Natural gas prices closed down sharply on the week given a warm weather outlook
The front month contract for natural gas priced at Henry Hub closed at $3.51 per MMBtu (millions of British thermal units) on November 1—down from the prior week’s close of $3.71 per MMBtu. Natural gas fell throughout the week, as forecasts called for a warmer-than-normal November. Weather forecasters, including MDA Weather services, were reported to predict normal or above-normal temperatures in the eastern US through November 15.
Natural gas prices are especially important for domestic independent upstream names whose production largely includes natural gas, such as Chesapeake Energy (CHK), Southwestern Energy (SWN), Comstock Resources (CRK), and Quicksilver Resources (KWK).
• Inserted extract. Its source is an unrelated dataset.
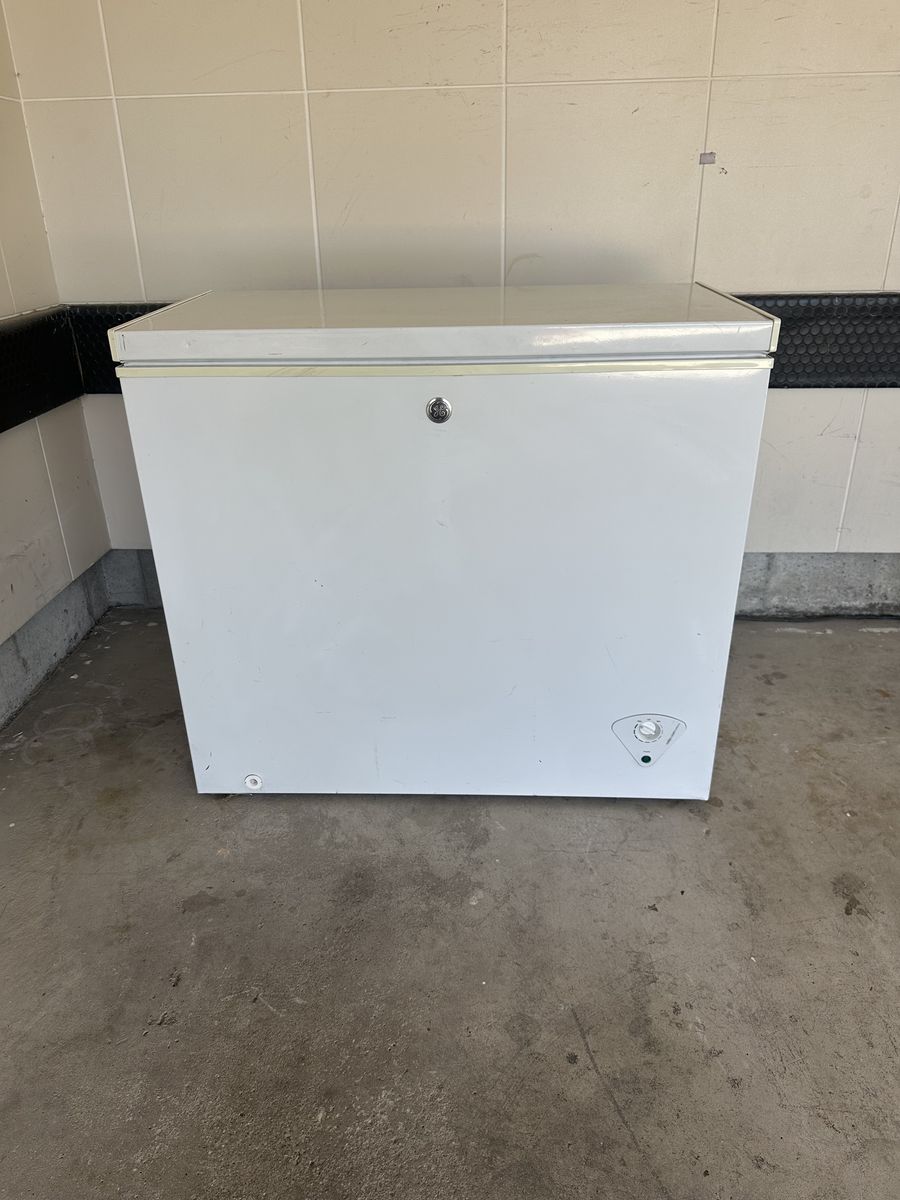 GE 8 cubic ft chest freezer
Natural gas price movements are also relevant for commodity ETFs such as the U.S. Natural Gas Fund (UNG), an exchange-traded fund designed to track the price of Henry Hub natural gas (the standard benchmark for domestic natural gas prices).
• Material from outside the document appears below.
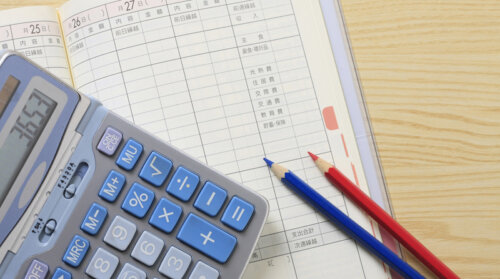 円安によって半数近くの企業が経営マイナスに。日本のiPhone販売価格が世界最安か。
Weather is an important demand factor in winter
As winter approaches, an important driver for natural gas demand and therefore natural gas prices will be temperatures. Colder weather will increase demand for natural gas, as it’s a major fuel for home heating. For more on why weather affects natural gas prices, see Colder-than-normal weather is a positive catalyst for natural gas.
Natural gas prices are low from a long-term perspective
From a long-term historical perspective, natural gas has been trading at low levels over the past few years. Prior to the financial crisis of 2008, natural gas had reached peaks of over $15.00 per MMBtu. Since 2008, a large amount of natural gas supply has come online without an equivalent increase in demand due to the discovery and development of large natural gas shale resources in the United States. Many investors expect natural gas prices to remain relatively depressed, as the development of shale resources has allowed companies to produce natural gas economically at lower prices.
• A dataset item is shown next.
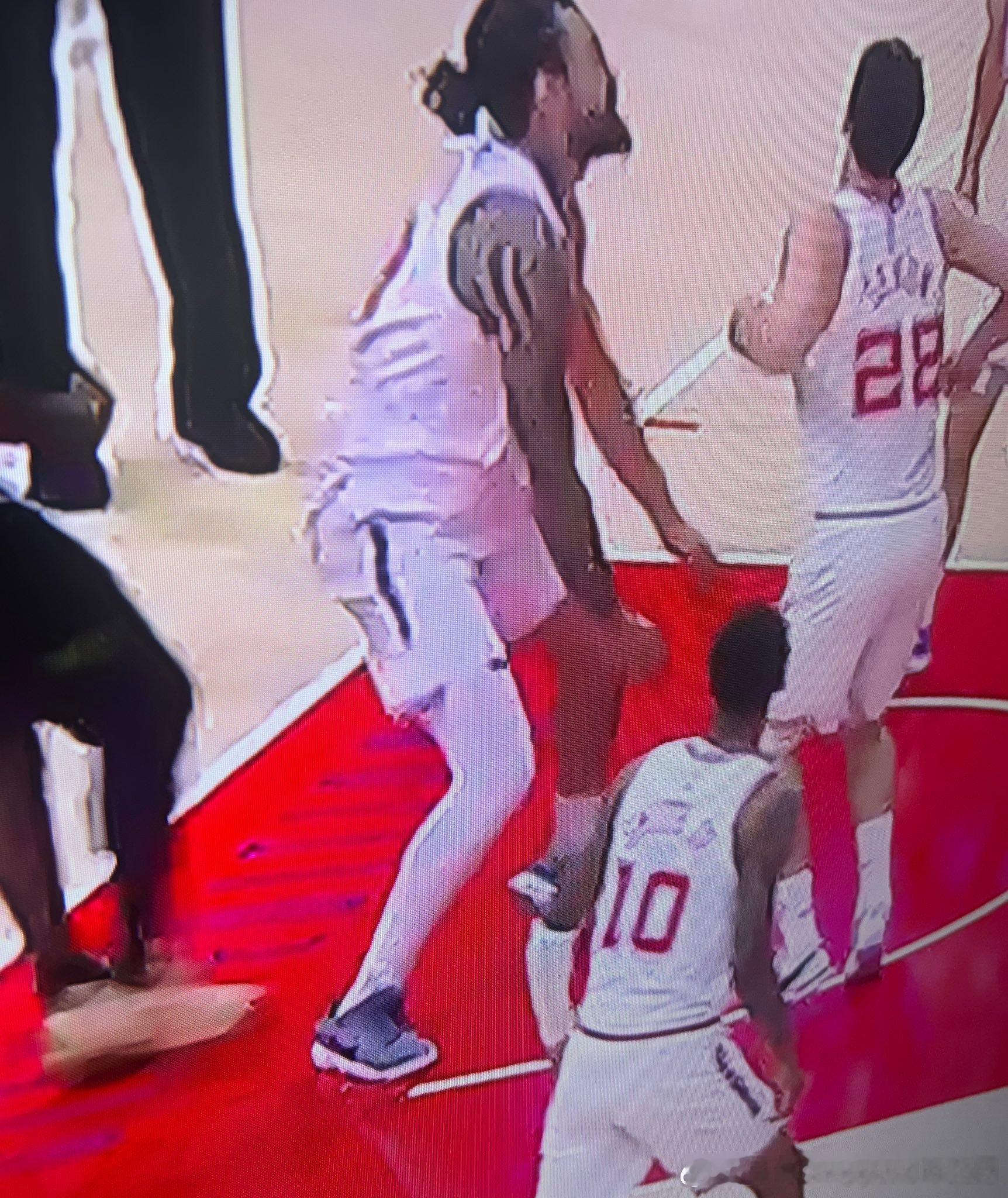 小贾生涯之夜+杜兰特得分超越诺维斯基+海王貌似是崴了脚踝火箭火箭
For companies weighted towards natural gas assets and production, prices have an important effect on valuation
Market participants and upstream energy companies monitor natural gas prices because lower prices translate into lower revenues—and therefore lower margins and valuation for natural gas producers. The chart below shows natural gas prices plotted against CHK’s and KWK’s stock prices over time on a percentage change basis. The graph demonstrates that the companies’ valuations are closely related to the price of natural gas.
Negative short-term indicator: Prices remain relatively low from a long-term view
This past week, natural gas prices were down, which was a negative indicator. In the coming months, winter weather will be an important driver to watch for natural gas prices. From a wider long-term perspective (five years and longer), natural gas prices are relatively low. Fluctuations in natural gas prices most affect natural gas–weighted producers, such as the companies mentioned above (CHK, SWN, CRK, and KWK), and the U.S. Natural Gas Fund ETF (UNG). Investors with such holdings find it prudent to track the price of natural gas.